The latest unit painted for Victoria Miniatures complete with the shotguns and their dusters are the Sandor Rad Hounds!  Here they are on the website:

These coats were very similar to the Bolt Action winter Soviets that I painted for an earlier Army Painter series.  While the overall color is tan, I attempted to work in greens in some areas of darker tones.  This gives a little more depth and interest to those shadow areas.

There was also much more of the copper metals required to match the color scheme I had to work from.  Such is the case when doing commission pieces... you have to stick with "but also reinterpret at times" what is required.

All of the figures you have seen here on the blog and the video tutorials will be on display in the giant display cabinet which Victoria usually sets up at Adpeticon.  Come into the vendor's hall and check that out!!! :-)

I have done a of these squads as Tutorial series, which you can find on my YouTube Channel:

Friday, February 15, 2019

Massive Metals 2

Here's a massive example of a figure painted with oil paints, especially the Mig Ammo Oilbrushers.  To give you an idea of size and scale, that base is 60mm!  To work on such large surfaces, using oil paints makes creating subtle blends much easier, as that paint has a much longer working time.

I was even able to "glaze" the rust effects onto the weapons while the other layers were still wet!  Yes, you can do that with oil paint.  You can wait for layers to dry if you want first, but the key principle I mention over and over and over is the idea that thick paint will always stick to thinner paint, and vice versa.

I learned that when I was 11 or 12 years old watching Bill Alexander doing his oil paintings.  He must have said that same phrase a hundred times... just in his thick German accent.

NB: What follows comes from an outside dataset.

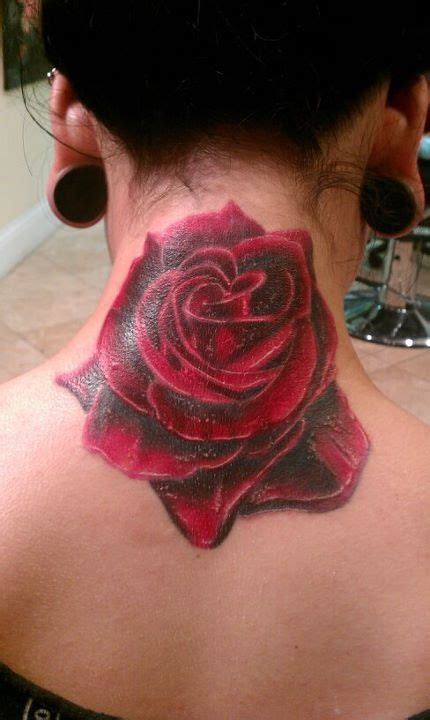 Rose Cover Up On My Neck By Neck Tattoo Rose Neck Tattoo Tattoos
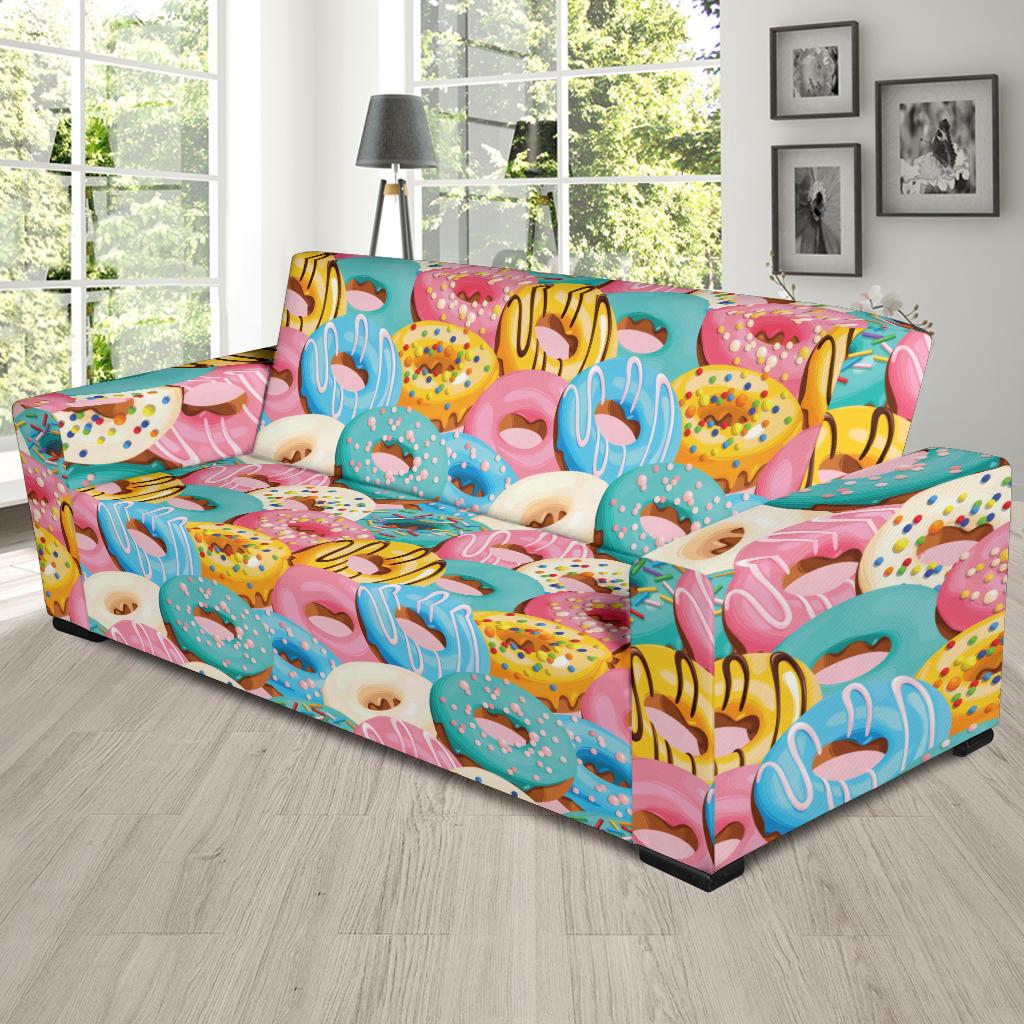 Donut Pattern Print Design DN01 Sofa Slipcover-JORJUNE.COM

As most of you already know, I LOVE to get a huge variety of shades and tones in my metals... turquoise, purple, reds, blues, etc.  Since puple and green mixed together make gray, it makes sense that placing those colors next to each other here and there will trick the eye into believing it is all gray.

This video shows the Mig Ammo Oilbrushers in action!

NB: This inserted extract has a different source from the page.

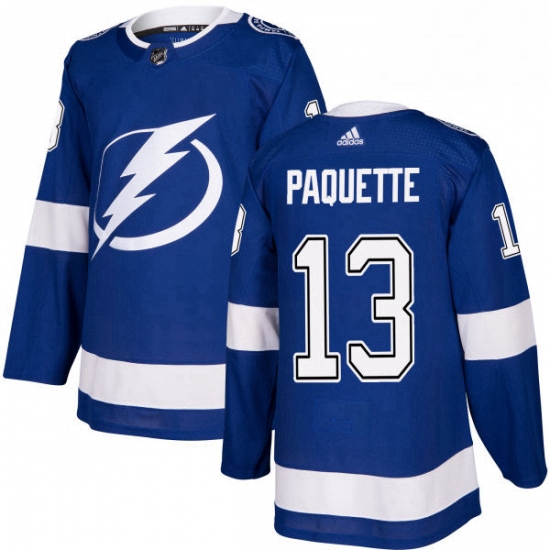 Mens Adidas Tampa Bay Lightning 13 Cedric Paquette Authentic Royal Blue Home NHL Jersey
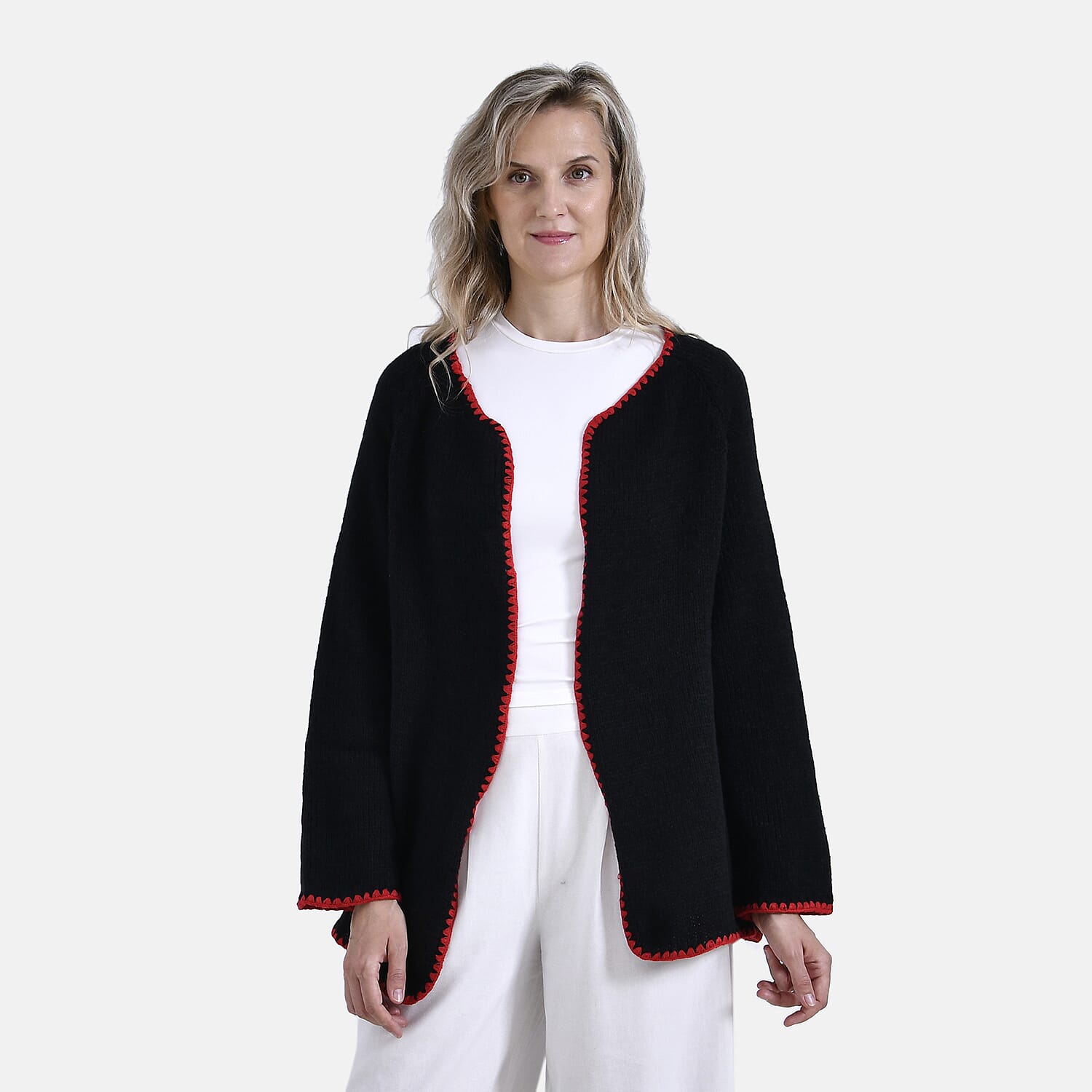 Tamsy Crew Neck Cardigan (One Size) - Black - Red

There are already several Non Metallic Metal videos on the Patreon Page, covering several miniature ranges, and even entire units!

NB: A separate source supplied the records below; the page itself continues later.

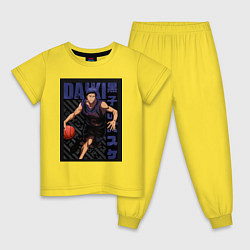 Пижама хлопковая детская Баскетбол Куроко Дайки Аоминэ, цвет: желтый
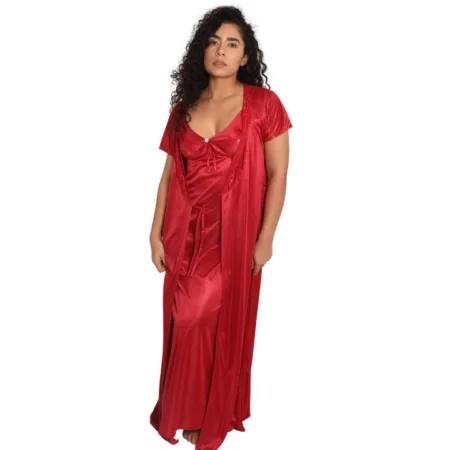 Deevaz Women's Satin Solid Maxi Length Nighty with Robe Maroon Color.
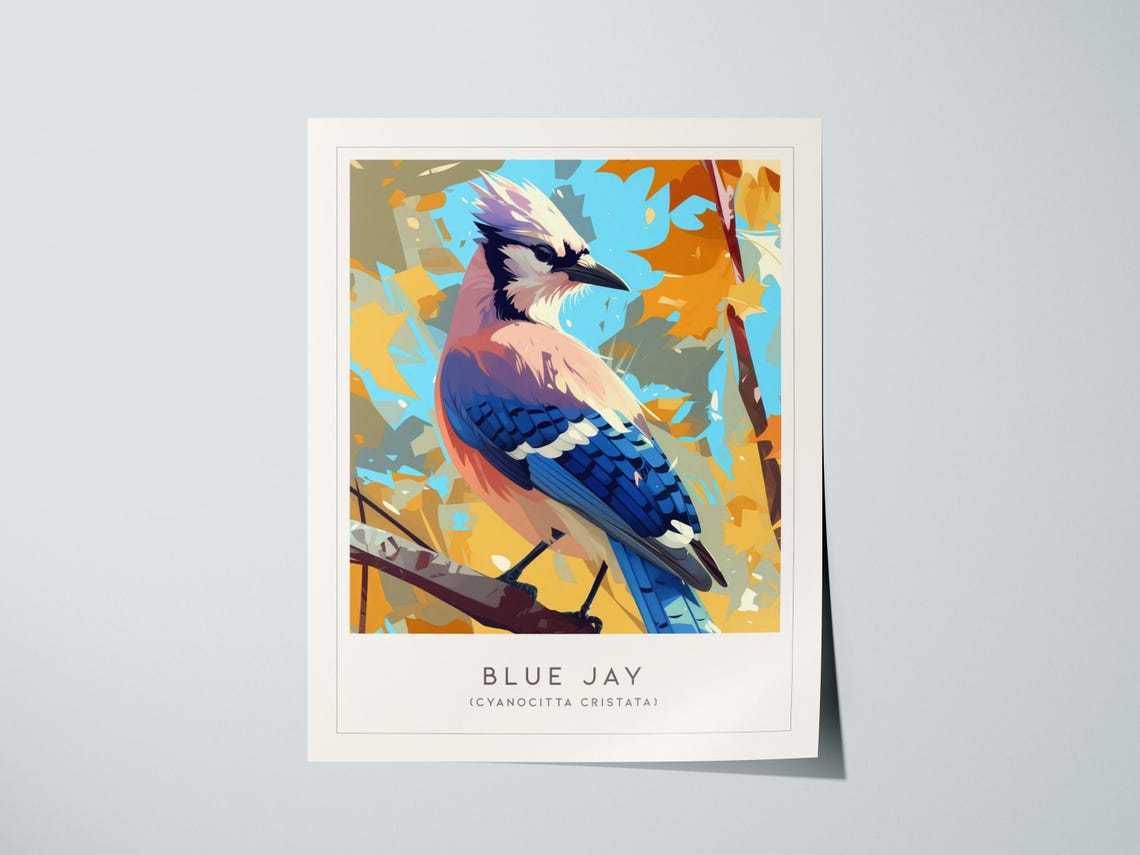 Blue Jay Songbird Autumn Leaves Modern Illustration Art Poster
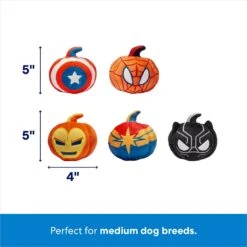Marvel 's Halloween Heroes Pumpkin Plush Squeaky Dog Toy, 5 Count -Dog Supplies Shop 267858 PT1. AC SS1800 V1689873151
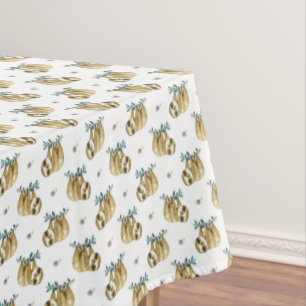 Cutie Pie Watercolor Sloth Pattern Tablecloth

I will also be doing more videos on large creatures for the Patreon Page.  The $15 Army Painter pledge level will provide access to all videos made over the course of the month, which is usually 12-20 hours of content!

Wednesday, February 13, 2019

Shining the Light!

Here are some scenes from Episode 10 of my Painting Dark Sword series on the Patreon Page.  I wanted to feature some Object Source Lighting in this video, but also how to get more variety in shades of blue.

I used the Reaper Clear paints quite a bit, in conjunction with the Vallejo Fluorescent paints, as they really go well together.  The Clear paints are very richly pigmented, and can also be thinned down into wonderful glazes.

I even got a chance to utilize some of my home made flower tufts!

Each tutorial is usually 100-120 minutes long, and takes you through every brush stroke, and every concept along the way.  The idea is to present you with as many options and tools as possible, instead of "rules".

I will discuss certain basics, and how using those in your favor can make your life a lot easier, and let you get some very nice looking figures in a drastically reduced time frame.  We have precious little time to work on our own figures, and there seem to be many instances where they never get painted.

That is due as much to the fear of not making them look as good as you would like, especially if they are a more expensive/elaborate figure.  Figures sitting in blisters and boxes don't do us any good, so best to get those painted and on the table/display case!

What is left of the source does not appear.